In looking through the channeled message handler template, I'm finding a lot of different topics that I need to learn about before I can get this to work. One problem I'm running into is that I often will run into function blocks that I can't identify; they don't have a descriptive name and have no help option in the context window. This is probably because they are either not built in LabVIEW function blocks or (more aggravatingly to me) they are "basic enough" or don't count as function blocks, so LabVIEW just doesn't have any help link to them.

 

Is there a way to open the file location of these sort of blocks, or in some way find which function palette they're from? It would make learning about this stuff from the templates much easier.

 

For example, I opened the Channeled message handler template.

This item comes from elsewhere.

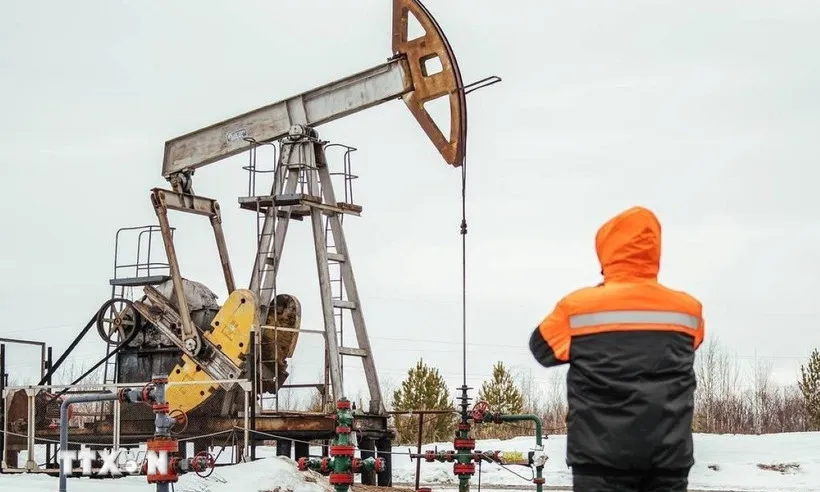 Nga gia hạn lệnh cấm xuất khẩu xăng, bổ sung lệnh cấm dầu diesel đến hết năm 2025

Inside the Event Handling Loop, in the "do something" case, I can see a string being sent to a function block. Making the label of that visible shows me it's the "Enqueue message" VI, and double clicking opens panel for that function (so far so good). However, looking at the Enqueue message block diagram I see several elements that I don't recognize. For example, there's a "data" input. I have no clue what that is. Probably it's very basic, but I've never seen it and I have no "help" context button to go to, no idea which palette it's from. If I was going to try to make this from scratch without copy pasting, I don't know what data type this is or how to even create a constant or control of this type. How do I find info on this type of thing?

 

I know the specific examples I'm listing here are pretty basic, but I've really only learned the surface level mathematical operation part of LabVIEW and I'm mainly looking for a more efficient way to learn the rest of it.

 

Thanks for all the help in this thread by the way, it's opened my eyes to how much more efficiently and better organized I can get things (even if, to be honest, learning about this has been a bit depressing lol).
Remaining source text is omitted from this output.